### [Exercise aim]
Only the lines below between the one holding "Uitzonderlijke aqua blauw" and the one holding "Mala Weathered White End Table-4", inclusive, are to be reproduced word for word; the pictures are to be left out.

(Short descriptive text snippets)
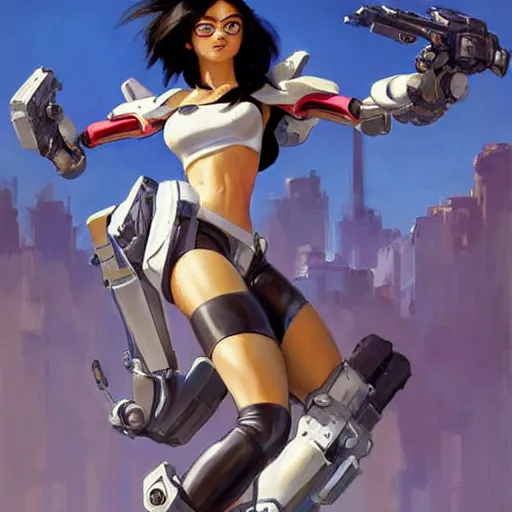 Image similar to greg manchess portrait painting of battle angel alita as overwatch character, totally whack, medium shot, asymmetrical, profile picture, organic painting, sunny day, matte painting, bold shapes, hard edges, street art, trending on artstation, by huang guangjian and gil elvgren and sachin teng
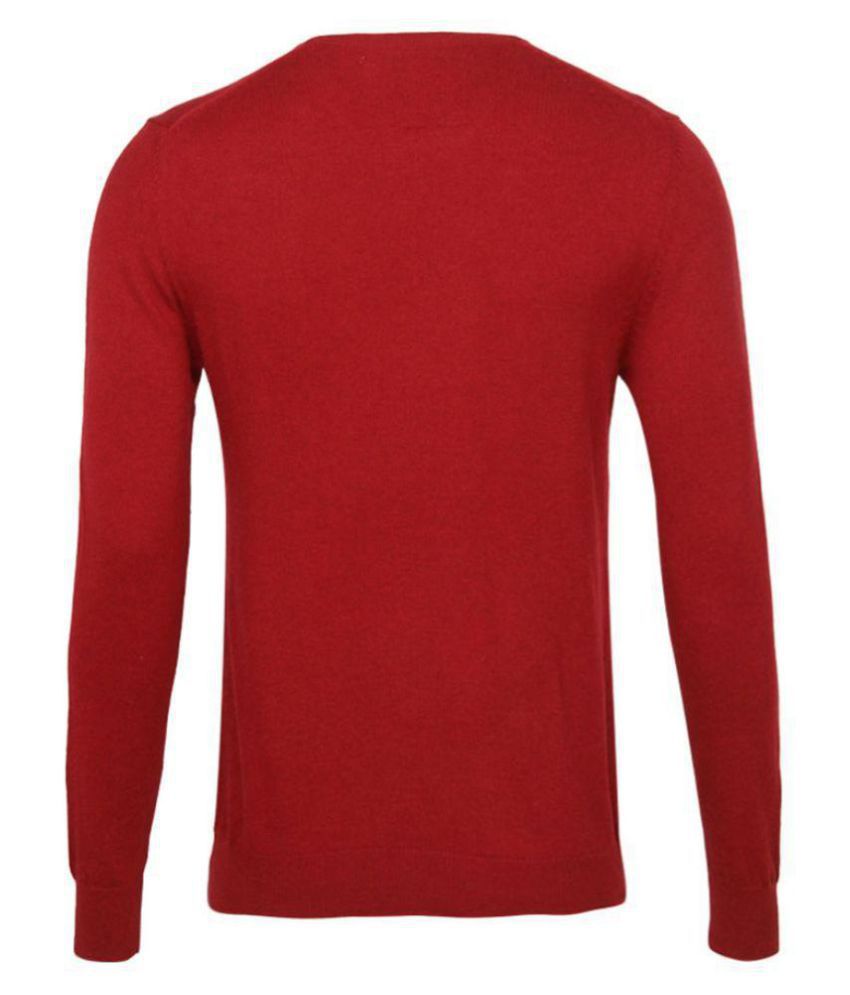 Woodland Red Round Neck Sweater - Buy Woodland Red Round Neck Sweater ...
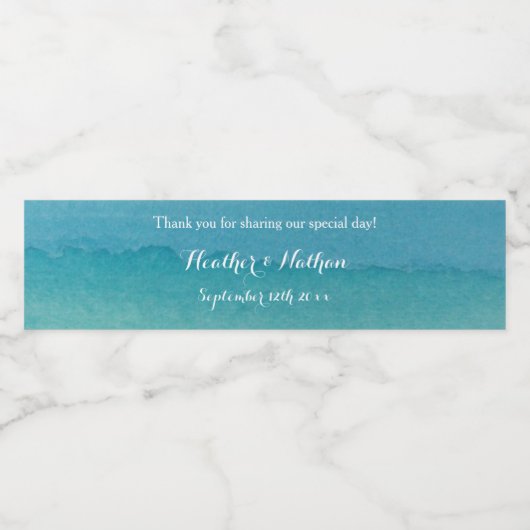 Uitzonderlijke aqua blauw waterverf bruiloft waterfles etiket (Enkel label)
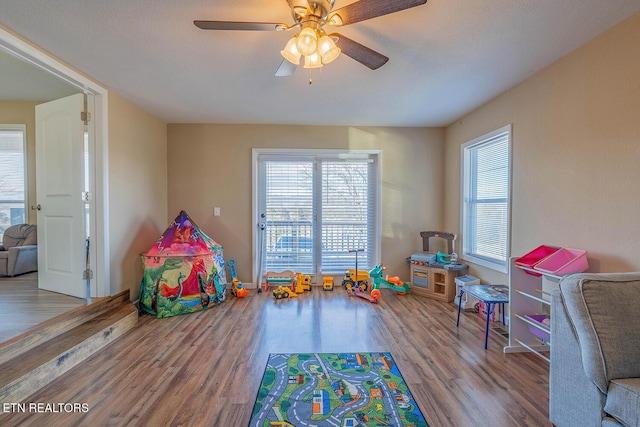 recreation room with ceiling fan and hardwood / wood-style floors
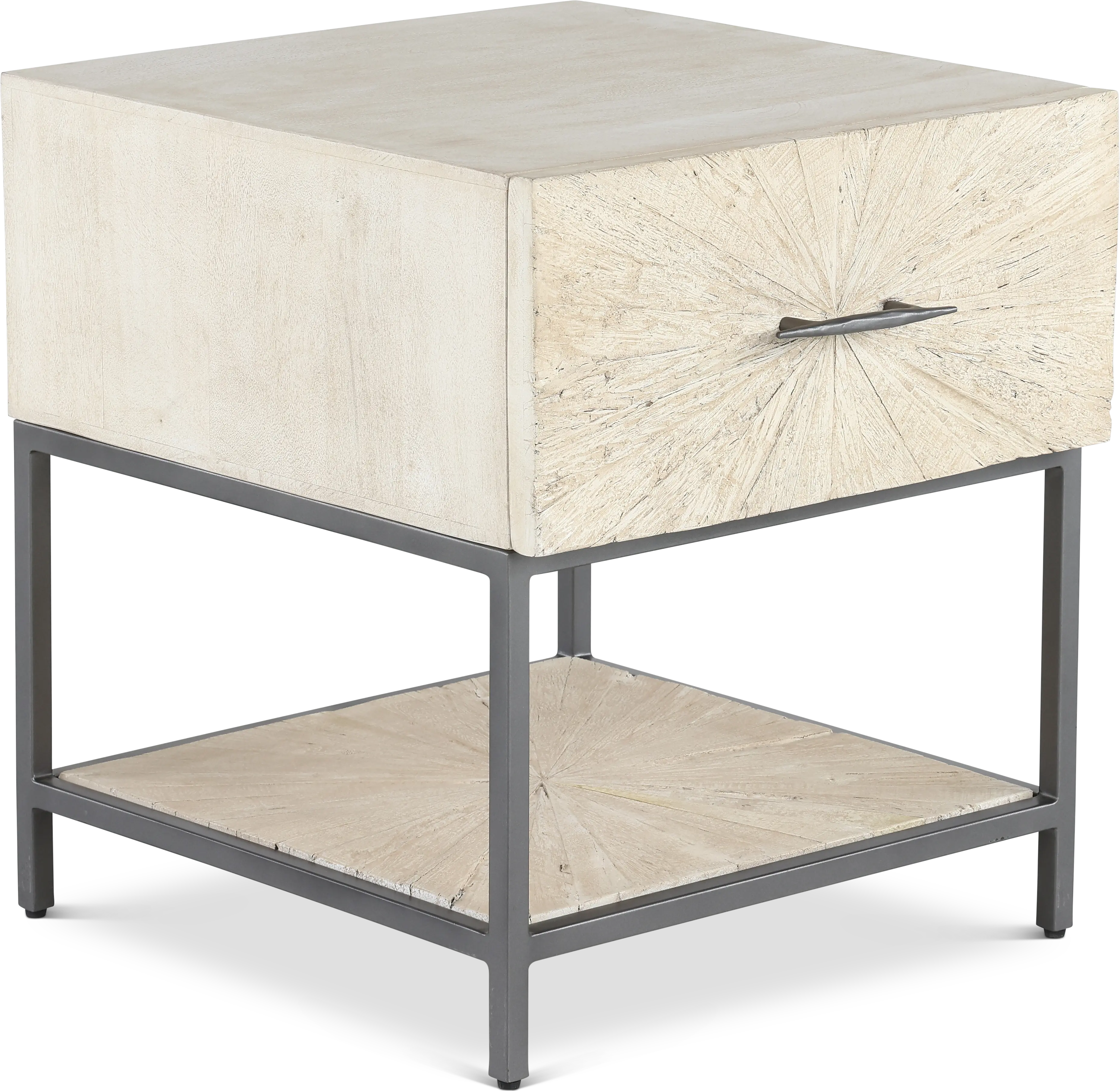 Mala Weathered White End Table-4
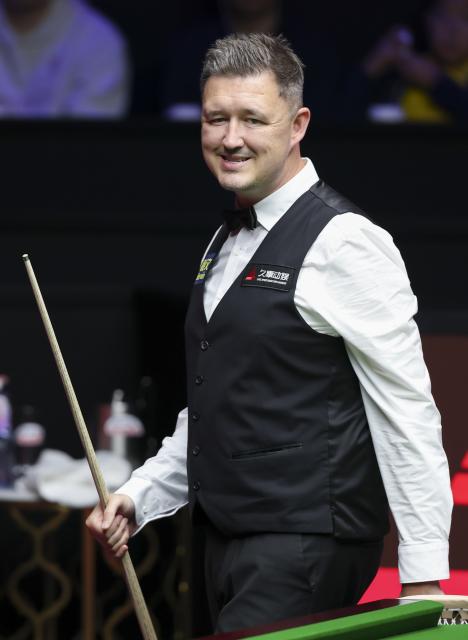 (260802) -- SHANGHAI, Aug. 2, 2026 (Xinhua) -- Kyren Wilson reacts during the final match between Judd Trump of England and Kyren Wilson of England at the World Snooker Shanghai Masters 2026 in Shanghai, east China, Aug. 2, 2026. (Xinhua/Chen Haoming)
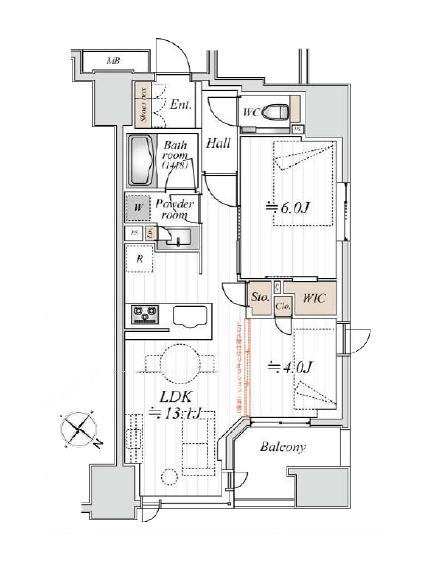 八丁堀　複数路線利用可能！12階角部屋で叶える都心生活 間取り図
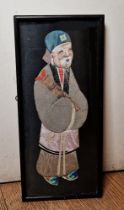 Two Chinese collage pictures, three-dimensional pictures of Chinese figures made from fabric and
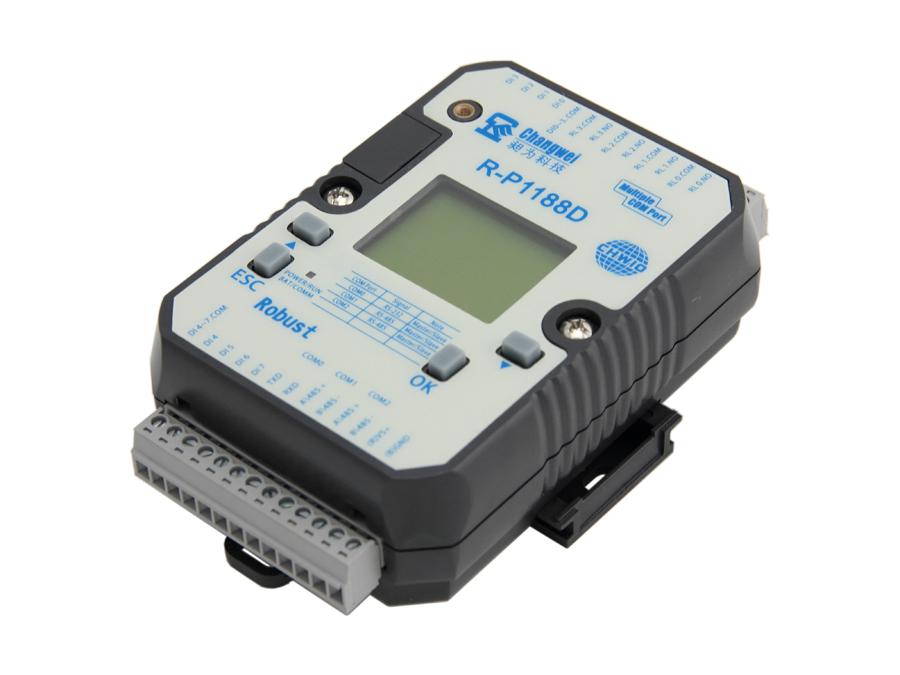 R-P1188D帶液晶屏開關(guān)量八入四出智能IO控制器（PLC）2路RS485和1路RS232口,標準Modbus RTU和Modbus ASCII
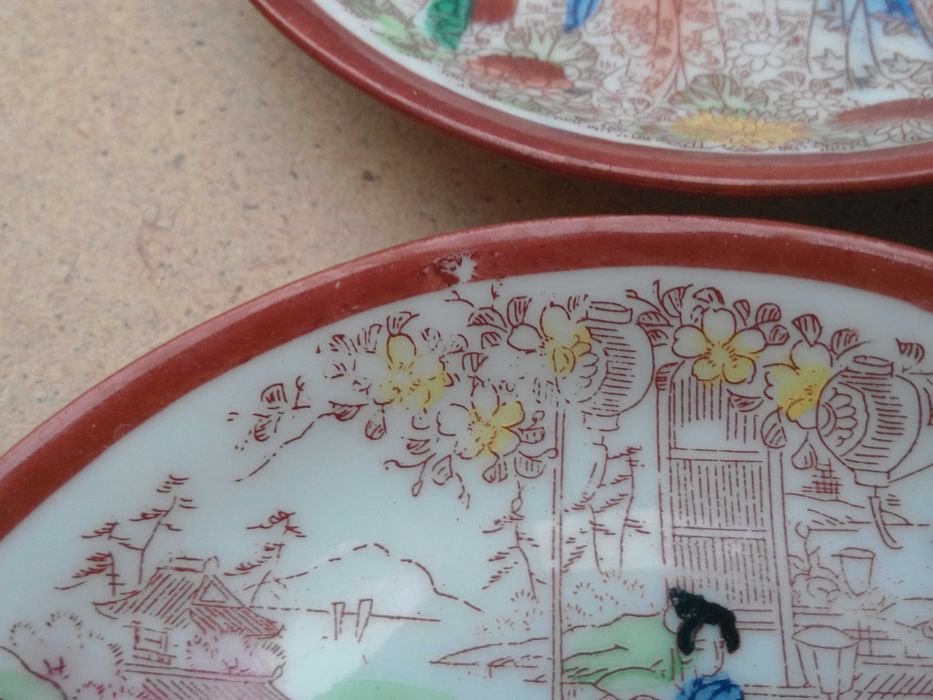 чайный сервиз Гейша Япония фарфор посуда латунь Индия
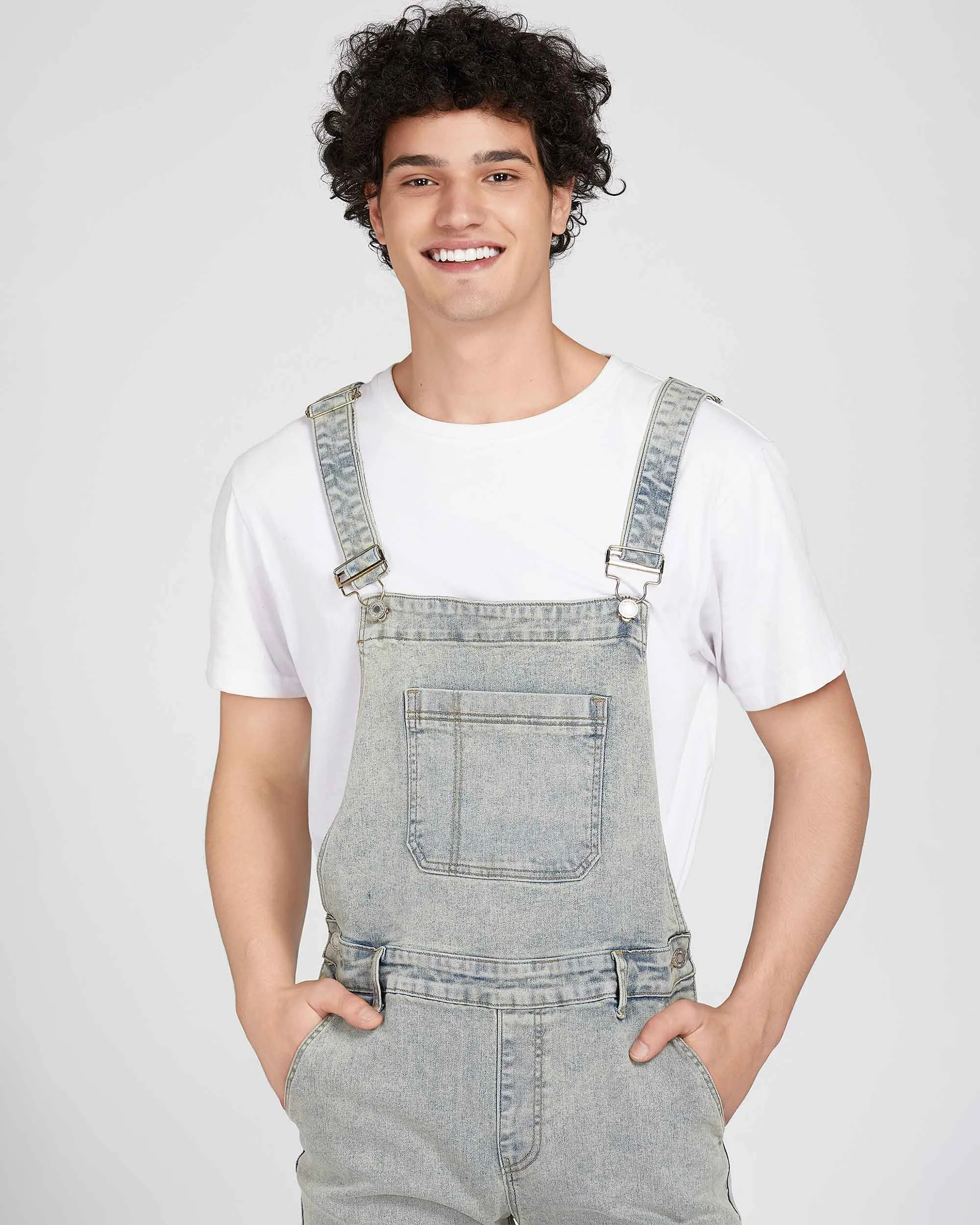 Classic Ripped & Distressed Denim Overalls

### [Answer space]
 Uitzonderlijke aqua blauw waterverf bruiloft waterfles etiket (Enkel label)
 recreation room with ceiling fan and hardwood / wood-style floors
 Mala Weathered White End Table-4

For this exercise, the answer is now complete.